__GOAL OF THE EXERCISE__
Each record is to be copied exactly as written.

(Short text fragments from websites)
####################
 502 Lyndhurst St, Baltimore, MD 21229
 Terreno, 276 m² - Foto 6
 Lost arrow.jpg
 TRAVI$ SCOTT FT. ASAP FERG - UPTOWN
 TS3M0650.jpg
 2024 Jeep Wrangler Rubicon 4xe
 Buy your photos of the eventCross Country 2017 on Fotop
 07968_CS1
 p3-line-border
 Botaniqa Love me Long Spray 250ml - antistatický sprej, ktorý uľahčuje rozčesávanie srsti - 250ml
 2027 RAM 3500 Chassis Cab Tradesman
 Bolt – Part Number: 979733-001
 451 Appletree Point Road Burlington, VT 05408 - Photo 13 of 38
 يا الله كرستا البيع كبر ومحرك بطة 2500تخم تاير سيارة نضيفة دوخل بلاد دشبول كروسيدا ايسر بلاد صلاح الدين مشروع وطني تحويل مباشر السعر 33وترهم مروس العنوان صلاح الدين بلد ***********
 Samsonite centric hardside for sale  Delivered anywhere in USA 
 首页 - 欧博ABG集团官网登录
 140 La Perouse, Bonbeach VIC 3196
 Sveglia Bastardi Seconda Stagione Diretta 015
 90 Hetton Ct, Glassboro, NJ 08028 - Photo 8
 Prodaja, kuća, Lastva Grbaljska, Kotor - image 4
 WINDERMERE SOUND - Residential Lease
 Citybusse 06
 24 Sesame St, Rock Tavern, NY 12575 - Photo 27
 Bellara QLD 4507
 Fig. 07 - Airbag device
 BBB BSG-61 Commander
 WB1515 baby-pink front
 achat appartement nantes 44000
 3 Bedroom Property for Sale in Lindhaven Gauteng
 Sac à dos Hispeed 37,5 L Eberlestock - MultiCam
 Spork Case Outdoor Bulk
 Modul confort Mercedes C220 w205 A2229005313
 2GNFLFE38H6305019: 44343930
####################
__RESULT__
 502 Lyndhurst St, Baltimore, MD 21229
 Terreno, 276 m² - Foto 6
 Lost arrow.jpg
 TRAVI$ SCOTT FT. ASAP FERG - UPTOWN
 TS3M0650.jpg
 2024 Jeep Wrangler Rubicon 4xe
 Buy your photos of the eventCross Country 2017 on Fotop
 07968_CS1
 p3-line-border
 Botaniqa Love me Long Spray 250ml - antistatický sprej, ktorý uľahčuje rozčesávanie srsti - 250ml
 2027 RAM 3500 Chassis Cab Tradesman
 Bolt – Part Number: 979733-001
 451 Appletree Point Road Burlington, VT 05408 - Photo 13 of 38
 يا الله كرستا البيع كبر ومحرك بطة 2500تخم تاير سيارة نضيفة دوخل بلاد دشبول كروسيدا ايسر بلاد صلاح الدين مشروع وطني تحويل مباشر السعر 33وترهم مروس العنوان صلاح الدين بلد ***********
 Samsonite centric hardside for sale  Delivered anywhere in USA 
 首页 - 欧博ABG集团官网登录
 140 La Perouse, Bonbeach VIC 3196
 Sveglia Bastardi Seconda Stagione Diretta 015
 90 Hetton Ct, Glassboro, NJ 08028 - Photo 8
 Prodaja, kuća, Lastva Grbaljska, Kotor - image 4
 WINDERMERE SOUND - Residential Lease
 Citybusse 06
 24 Sesame St, Rock Tavern, NY 12575 - Photo 27
 Bellara QLD 4507
 Fig. 07 - Airbag device
 BBB BSG-61 Commander
 WB1515 baby-pink front
 achat appartement nantes 44000
 3 Bedroom Property for Sale in Lindhaven Gauteng
 Sac à dos Hispeed 37,5 L Eberlestock - MultiCam
 Spork Case Outdoor Bulk
 Modul confort Mercedes C220 w205 A2229005313
 2GNFLFE38H6305019: 44343930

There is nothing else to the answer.